5G networks have spurred technologies, such as Network Function Virtualization (NFV), Software Defined Networks (SDNs), and Quality of Service (QoS) flow differentiation, each of which is a key enabler for next-generation networks. Unfortunately, a persistent issue hindering both 5G and next-generation networks is that both QoS and related network definitions remain dependent on a one-size-fits-all approach. Thus, meeting the diverse requirements 5G brings remains challenging.
In this seminal set of works, we investigate how QoS can be improved by enabling both User Equipment (UEs) and the network to have better control at a finer granularity over how they communicate with each other. In our first work, we investigate how we can mitigate the impact of multipath in Industrial Internet of Things (IIoT) environments by enabling dynamic QoS flow definition and flexible resource block geometries via QoS flow migration. Then in our second work, we investigate how social networks and localized QoS can improve a 5G V2X system’s overall QoS, while still meeting overall QoS flow requirements. Finally, in our third work, we investigate how NOMA can be exploited in a non-performance impacting manner to enable delay-tolerant non-QoS network flows for Machine-to-Machine (M2M) communication.

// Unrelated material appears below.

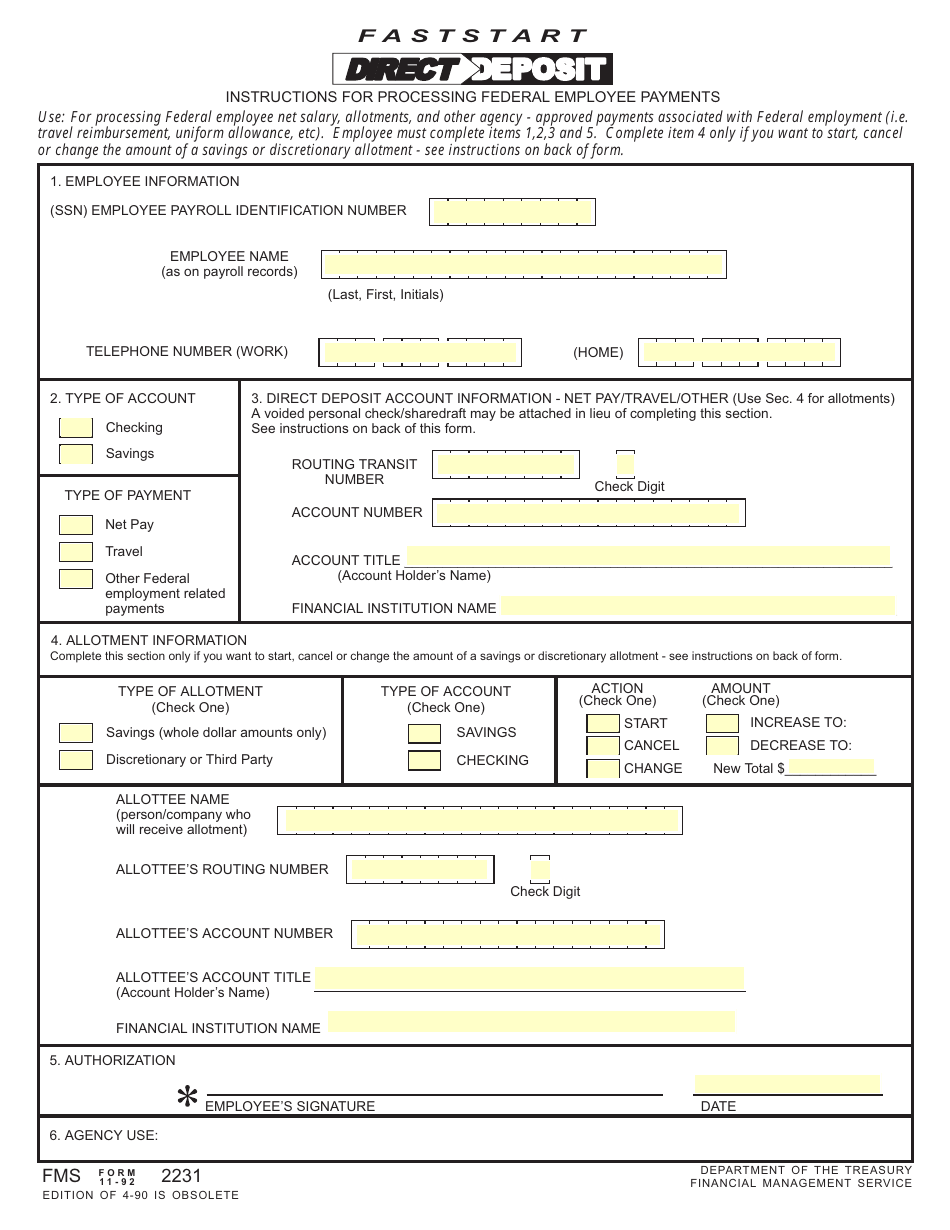 form 2231 download fillable pdf or fill online fastart direct deposit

Rafael Kaliski received the B.S. degree in computer engineering, and the M.S. degree in electrical engineering from California Polytechnic State University (Cal Poly), San Luis Obispo, CA, USA, in 2003 and 2005, respectively. After graduating from Cal Poly, he was with Cisco Systems, Inc., for six years. Then, he studied Chinese with the International Chinese Language Program for a year and pursued his PhD in electrical engineering. He obtained the Ph.D. degree in electrical engineering from National Taiwan University in 2017. He is currently a professor with the department of Computer Science and Information Engineering, National Taiwan University of Science and Technology. His research interests include video coding, game theory, optimization, resource allocation, multimedia, wireless communications, Internet of Things, machine learning, and networks.